> **Work required**:
When you transcribe the entries below, begin at their first line and stop after the line containing "This is Amelia"; pictures stay out.

> **Data extracts**:
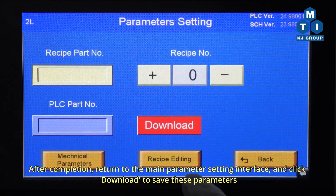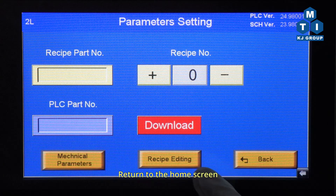After completion, return to the main parameter setting interface and click Download to save these parameters. Then return to the home screen.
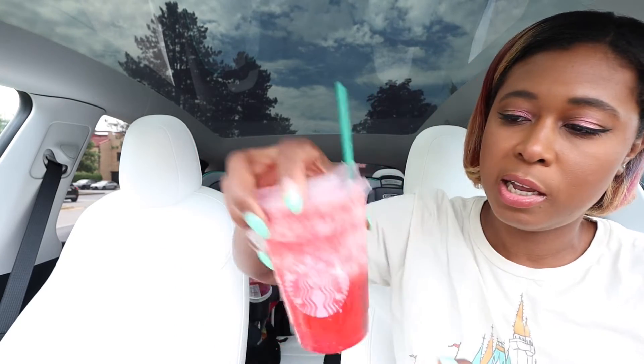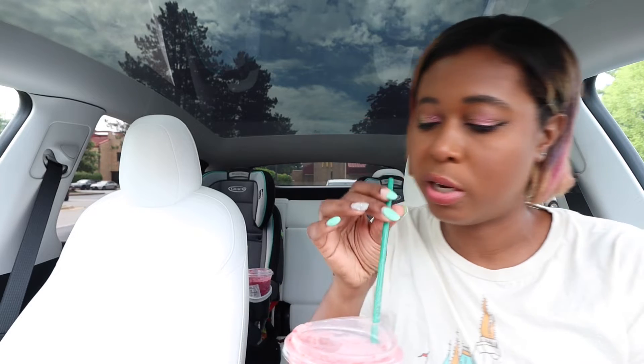All right, last but not least, we have the strawberry acai lemonade frozen refresher — the frozen strawberry acai lemonade Starbucks refreshers beverage, if you want the formal name. It says sweet strawberry flavors and tropical acai notes blended with real strawberry pieces, strawberry puree, and lemonade for a refreshingly frozen vibrant escape in a cup. I also really like the strawberry acai lemonade at Starbucks. I don't get it as often as the mango dragon fruit lemonade, but when I do it's always really good. So let's try it in a blended version.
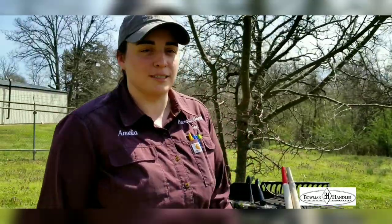This is Amelia Bowman with Bowman Handles Incorporated in Batesville, Arkansas. I'm here today to talk to you about the tools you'll be needing for the upcoming gardening season.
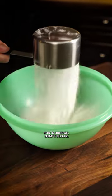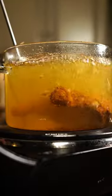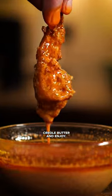For our dredge, that's flour, breadcrumbs, and more seasoning. Bring your legs back to the party and coat. Once fully covered, fry until crispy golden brown, but make sure to check the temp with the ThermoPro Lightning. You're looking for at least 165. Dip in creole butter and enjoy.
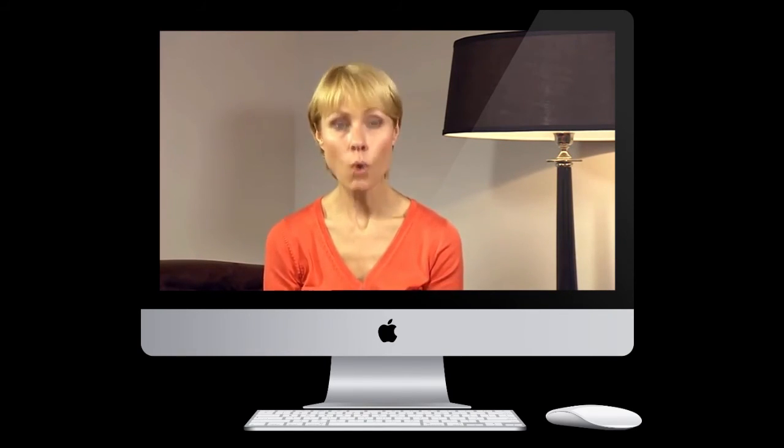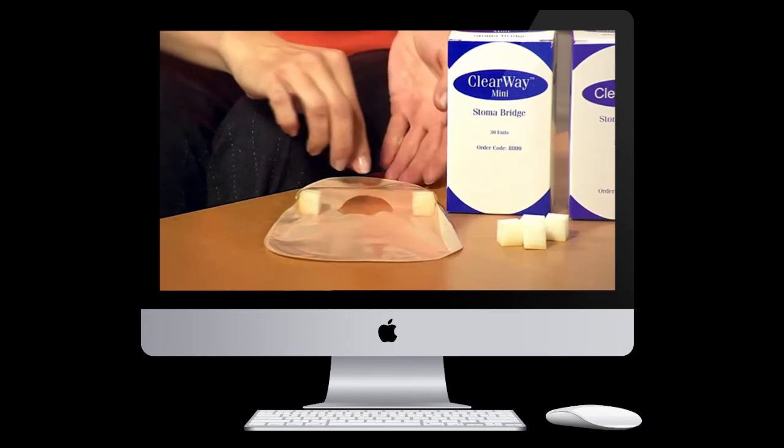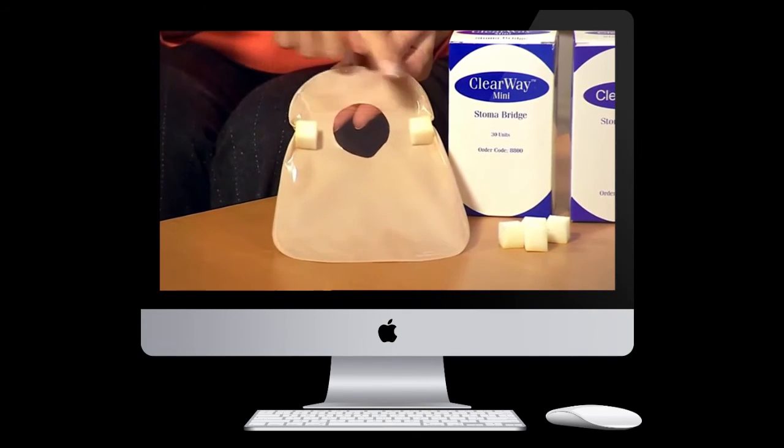To use the Clearway stoma bridge, release the backing paper from one bridge and affix one to each side of the aperture, as you can see demonstrated here.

> **Reply**:
After completion, return to the main parameter setting interface and click Download to save these parameters. Then return to the home screen.
All right, last but not least, we have the strawberry acai lemonade frozen refresher — the frozen strawberry acai lemonade Starbucks refreshers beverage, if you want the formal name. It says sweet strawberry flavors and tropical acai notes blended with real strawberry pieces, strawberry puree, and lemonade for a refreshingly frozen vibrant escape in a cup. I also really like the strawberry acai lemonade at Starbucks. I don't get it as often as the mango dragon fruit lemonade, but when I do it's always really good. So let's try it in a blended version.
This is Amelia Bowman with Bowman Handles Incorporated in Batesville, Arkansas. I'm here today to talk to you about the tools you'll be needing for the upcoming gardening season.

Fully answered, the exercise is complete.